Ronald Todd (11 March 1927 – 30 April 2005) was an English Trade union leader who served as the General Secretary of the Transport and General Workers' Union (which is now Unite the Union) from 1985 until 1992. He was a member of the General Council of the Trades Union Congress, served as the Chair of the (TUC) International Committee, a member of the National Economic Development Council and president of the Trade Union Unity Trust and was an honorary vice-president of the Campaign for Nuclear Disarmament. He was a committed Internationalist, a relentless campaigner for Nuclear disarmament and an active campaigner in the Anti-Apartheid Movement, who counted Nelson Mandela as a close friend.

He was one of the most respected union officials of his generation and led the biggest trade union in the country during most of the Margaret Thatcher years, a period that could be counted as one of the most difficult ones for the trade union movement in the 20th century.

== Early life ==
Born in Walthamstow, London, Ron was the fifth child of Emily (née Pauline) and George Thomas Todd. His father was a stallholder in a local street market and his mother was a pianist who accompanied silent film. Owing to his mother's influence he grew up with a love of Victorian ballads and music hall songs and became an accomplished pianist himself. The family was Roman Catholic and Todd attended St Patrick's school, where he was an altar boy.

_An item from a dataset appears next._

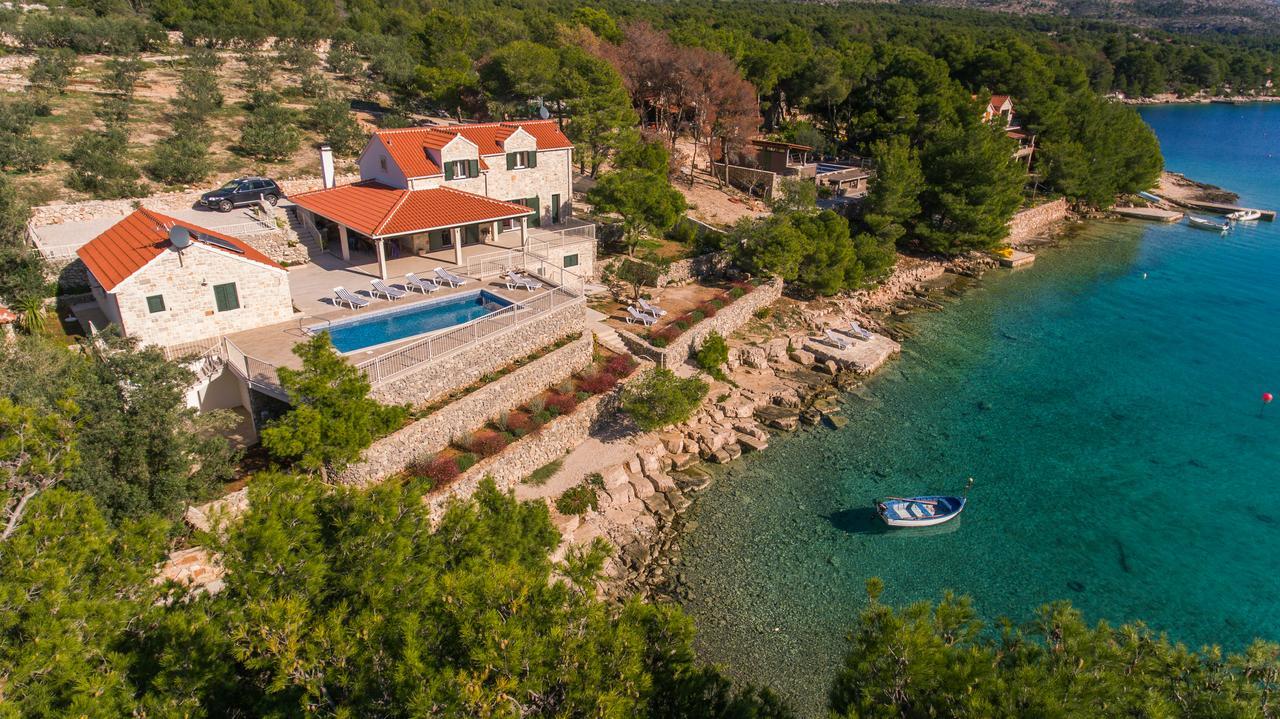 Luxury Villa Kate - In Lucice Bay With Turquoise Sea, Amazing Seaviews, And Heated Pool Милна Екстериор снимка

During the war, a German bomb that landed on the family's air-raid shelter knocked Todd out cold. When he came round, he and his mother sang for two hours before they were dug out. Todd left school at the age of 14 to sweep floors in a barber's shop; he then worked as a plumber's mate. In 1945 at the age of 18 he married Josephine Tarrant. In the same year he got a call up to the Royal Marines. He had initially favoured the Royal Navy, but he later recalled with pride that he and his father were the first father and son in the Marines to appear on the parade ground together. For a time he served alongside his father in the Marines when they were posted to Hong Kong with 42 Commando. While in the Far East he took part in the liberation of British, Australian, New Zealand and some American troops from Japanese prisoner-of-war-camps, and then guarded captured Japanese.

On demobilisation in 1947, he returned home and worked in the Labour Party (UK) for his local MP, the Prime Minister Clement Attlee. Todd became a gas fitter in Walthamstow, but then in 1955 he went to the new Ford plant to work as an engineer. During his working days on the Ford assembly line at Dagenham, his elder brother was a supervisor while Ron remained a shopfloor "spanner-and-screwdriver" man on the line before becoming deputy convenor of Ford shop stewards. He joined the Transport and General Workers' Union.

== Trade union career and politics ==
Not long after starting work at the Ford plant Todd became a shop steward and soon deputy convener of shop stewards. In 1962, he became a full-time T&G officer based at the Edmonton office and was responsible for chemical, engineering and metal groups. The General Secretary of the T&G, Jack Jones, moved Todd to the Stratford office, so that he could take charge of the interests of workers at the Dagenham plant. Todd was made Regional Secretary for London and the South-East in 1975 and responsible for half a million or more members. He became friendly with Moss Evans, then responsible for the motor industry and who succeeded Jones in 1978 as General Secretary. Evans appointed Todd as National Organiser, at the centre of the T&G high command.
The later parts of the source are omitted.